A research work led by Prof. Zhenchao Dong at the University of Science and Technology of China, in Hefei, and in which Javier Aizpurua, head of the “Theory of Nanophotonics Group” at the DIPC and the CSIC-UPV/EHU has participated, has managed to resolve and identify for the first time a single organic molecule with a subnanometric-range resolution, using light. In the words of Javier Aizpurua: “We have been able to see <<inside>> a single molecule and identify what kind of molecule it is, simply by using light”. The results have been published in the last issue of the prestigious journal Nature.

Visible light is an electromagnetic wave whose wavelength is between 400 nanometres (nm), (blue) and 750 nm (red).  Due to what is known as the resolution diffraction limit, using light, it is impossible to directly resolve or photograph objects with a size less than half of the wavelength of the light, i.e. less than 200 nm. In order to overcome this limitation, over recent years specialists in Nanophotonics have used metal particles that act as minute optical antennae, concentrating and enhancing the visible light spectrum on a nanometric scale. However, even this technique has its limitations and difficulties when trying to resolve nanometric objects.
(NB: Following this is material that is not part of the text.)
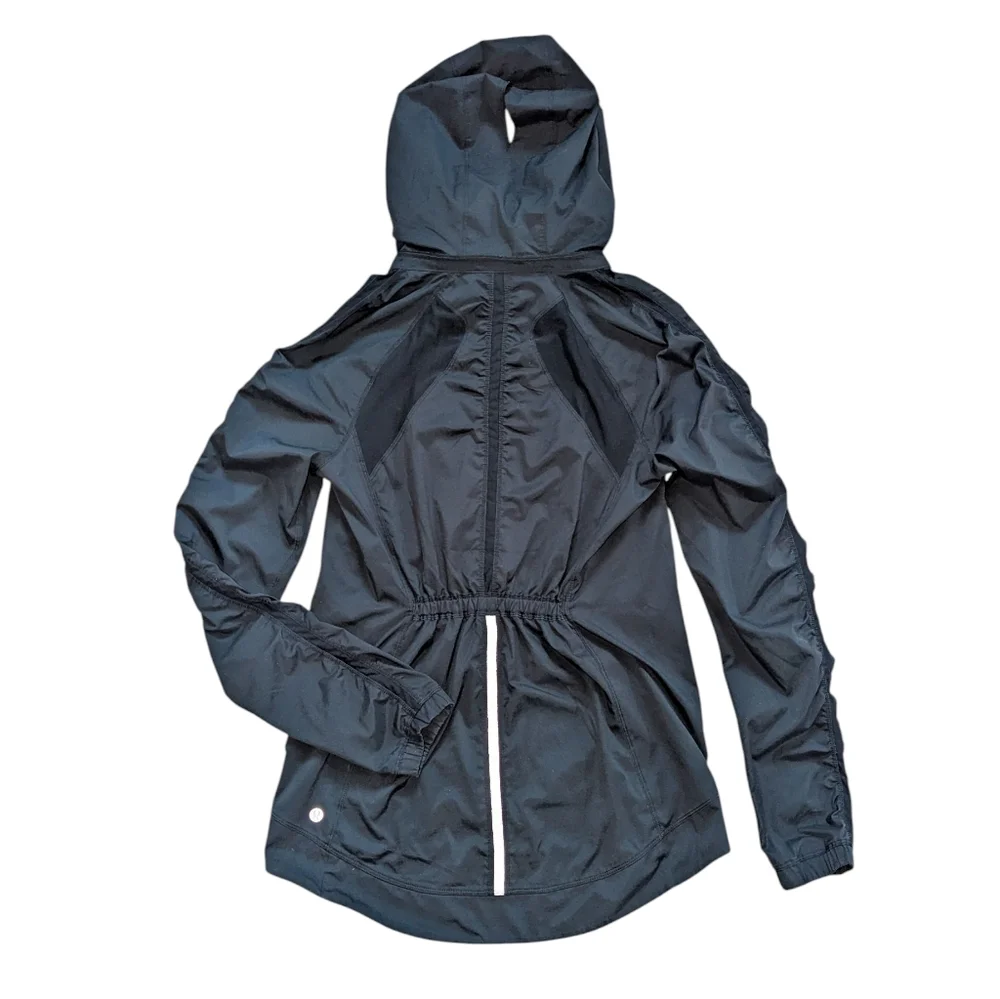 lululemon athletica excellent size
The optical resolution achieved in this research, hitherto never obtained, has been possible thanks to the combined use of the scanning tunneling microscope (STM) technique in ultra-high vacuum and low temperature conditions,  with the Tip-enhanced Raman spectroscopy (TERS) technique, which dramatically enhances the field that acts on the molecule located in the cavity of the tip of the microscope.

Top left: experimental map of an isolated porphyrin molecule for a given vibration frequency. Bottom leff: theoretical calculation of the same molecular vibration showing its fingerprint. On the right: molecular structure of the porphyrin used in the experiment.
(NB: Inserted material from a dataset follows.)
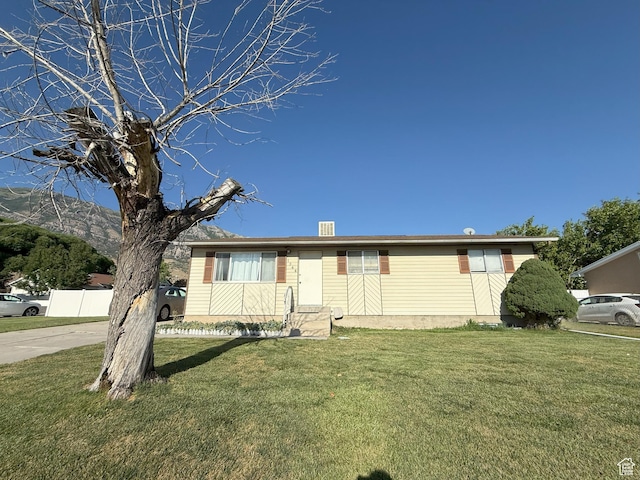 1344 N 280 W, Pleasant Grove, UT 84062 - single story home with a front yard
The combination of these two techniques has enabled “photographing” organic molecules for the first time at a subnanometric scale. The tuning of the collective oscillation of conduction electrons at the tip of the microscope, the so-called plasmons, with the vibrational excitation of the molecule, enables generating a non linear optical signal with a sub-nanometric resolution.

When the microscope tip is scanned over the molecule, the Raman signal emitted at each point enables identifying the vibrational signature of the molecule in such a way that, apart from looking “inside” the molecule, it is simultaneously possible to identify which molecule is involved. Javier Aizpurua explained that “it is like peering <<inside>> the molecule and taking its fingerprints”.

This level of resolution has only been possible to date using electrons as the probes, but in this research it is the photons of visible light that manage to achieve the miracle of identifying a molecule, going beyond all limits of optical diffraction until now known.

The results of this work open the doors to the direct identification of molecules when their concentration is very small, managing to identify even a single isolated molecule. This ability gives rise to a wide range of possible technological applications, such as in biosensor ones for the analysis of molecular chains, in health and safety for detecting dangerous substances, and in public health for the control of food quality, amongst others.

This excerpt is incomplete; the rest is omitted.